Fostering takes up a large percentage of a carers life, often leaving little space or energy for other activities or downtime to relax and clear their head. this can lead to stress and general tiredness, which sometimes means foster carers are not being able provide the best support for children.
Occasionally feeling stressed is not a bad thing and is not something to be ashamed of; It is natural especially when you have huge demands. What is important is to be able to recognise it and seek appropropriate support from the team around you. If you are feeling stressed it is important to find ways to manage and deal with it. Ensuring good mental health should be the main priority for any foster carer, you have to take care of yourself before you can take care of others.
We’ve put together some advice to help foster carers recognise and deal with stress, before it gets overwhelming and impacts the young people in placement.
One, two, three. . .exhale
Taking a moment for yourself is so important, especially if you are the primary carer. It can be as simple as taking 30 minutes out of the day to have a cuppa and some time to think or keeping the children occupied with an external activity so you can have the day to yourself. But taking the opportunity to have some well deserved ‘ME’ time is necessary.

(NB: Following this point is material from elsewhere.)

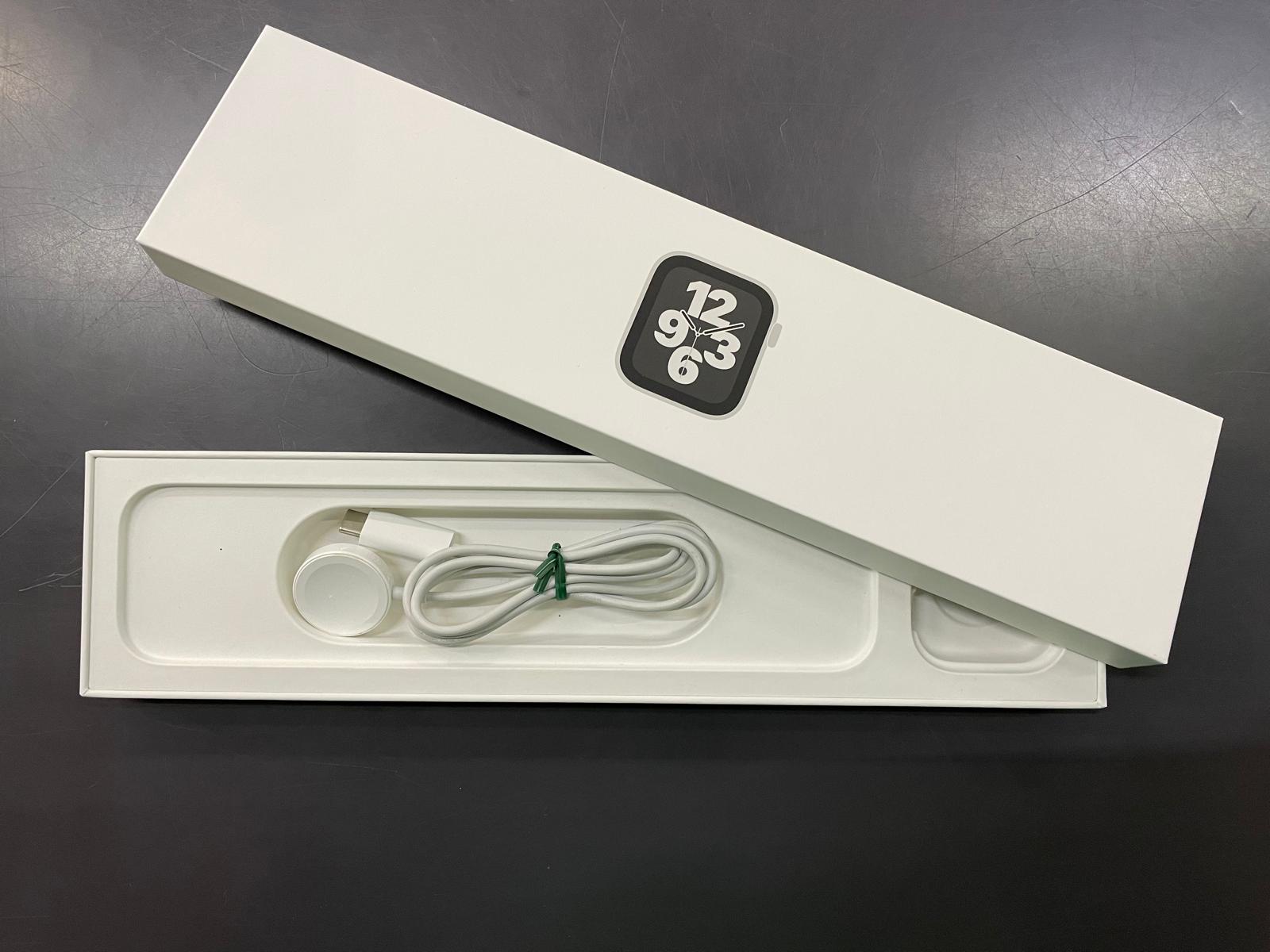 Apple Watch SE 44mm Garanzia 03/10/22 - immagine 3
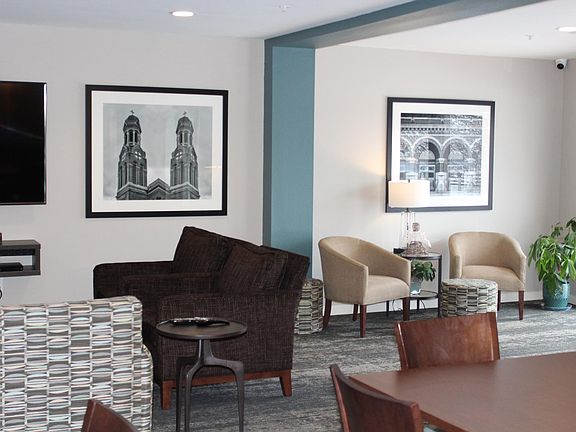 5th image of 118 S Washington St #319B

Planning and organisation can be an ultimate lifesaver. Having to manage multiple schedules can be overwhelming at times, but having something as simple as a planner stuck on the fridge so everyone knows what’s happening that week and where they need to be (including yourself) can be a huge help.
You will need support as a foster carer and it’s vital that you establish a strong support network. From professional support provided by your agency, family and friends and foster carer support groups. Having a safe space to ‘vent’ can really help to eliminate some of those stressful days. Just being able to have someone to talk and listen to you can make a huge difference.
Respite is recognised as a way to support foster carers and gives them a much needed break. It doesn’t suit everyone and if you feel your Looked After Child will have negative feelings about respite . It is important to discuss it with your supervision social worker about other alternative ways of support. Respite can be taken if you need to spend time with your own family or simply need some time to yourself.
Having a break does not mean your weak; it means you are human and it will make a huge difference to your own mental health. As a foster carer, you have to put yourself first as you are one of the most important people in your children and foster children’s life and if you don’t function effectively, they won’t be able to.
At Ascent fostering we are keen on that our foster carers achieve the correct work life balance and support their own mental health appropriately and proactively manage the stress in their lives.